__Task instructions__. Could you filter the records below down to the lines that include the word "High"?

- Opening Delimiter -

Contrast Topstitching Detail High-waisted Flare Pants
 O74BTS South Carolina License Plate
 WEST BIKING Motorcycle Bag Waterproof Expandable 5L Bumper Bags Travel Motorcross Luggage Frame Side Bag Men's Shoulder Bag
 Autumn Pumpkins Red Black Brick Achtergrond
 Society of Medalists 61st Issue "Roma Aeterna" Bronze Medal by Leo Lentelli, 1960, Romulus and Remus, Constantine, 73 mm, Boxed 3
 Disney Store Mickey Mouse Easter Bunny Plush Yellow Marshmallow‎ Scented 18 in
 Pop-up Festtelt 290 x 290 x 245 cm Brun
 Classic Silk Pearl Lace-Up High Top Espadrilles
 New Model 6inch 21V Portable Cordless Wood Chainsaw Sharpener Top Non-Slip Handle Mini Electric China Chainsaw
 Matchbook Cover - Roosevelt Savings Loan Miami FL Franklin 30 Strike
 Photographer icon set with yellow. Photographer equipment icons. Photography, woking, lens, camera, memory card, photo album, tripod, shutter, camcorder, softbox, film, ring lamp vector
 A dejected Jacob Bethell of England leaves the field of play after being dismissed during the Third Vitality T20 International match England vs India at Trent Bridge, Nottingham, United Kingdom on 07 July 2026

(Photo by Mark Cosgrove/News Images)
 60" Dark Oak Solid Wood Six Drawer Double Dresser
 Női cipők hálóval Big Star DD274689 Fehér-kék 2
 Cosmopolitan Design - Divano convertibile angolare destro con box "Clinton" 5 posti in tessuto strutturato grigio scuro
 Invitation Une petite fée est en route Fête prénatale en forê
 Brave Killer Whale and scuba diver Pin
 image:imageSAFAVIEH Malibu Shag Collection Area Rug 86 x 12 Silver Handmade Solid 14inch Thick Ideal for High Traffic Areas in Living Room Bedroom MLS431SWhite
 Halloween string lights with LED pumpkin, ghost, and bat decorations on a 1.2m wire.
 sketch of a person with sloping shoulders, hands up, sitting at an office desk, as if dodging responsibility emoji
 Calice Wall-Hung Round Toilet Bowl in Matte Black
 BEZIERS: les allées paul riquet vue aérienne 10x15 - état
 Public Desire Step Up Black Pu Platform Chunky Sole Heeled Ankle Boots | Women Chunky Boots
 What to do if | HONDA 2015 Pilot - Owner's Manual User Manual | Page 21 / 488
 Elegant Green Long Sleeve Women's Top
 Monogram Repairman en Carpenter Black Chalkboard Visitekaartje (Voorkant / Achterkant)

- Closing Delimiter -

__Exercise answer__.
Contrast Topstitching Detail High-waisted Flare Pants
 Classic Silk Pearl Lace-Up High Top Espadrilles
 image:imageSAFAVIEH Malibu Shag Collection Area Rug 86 x 12 Silver Handmade Solid 14inch Thick Ideal for High Traffic Areas in Living Room Bedroom MLS431SWhite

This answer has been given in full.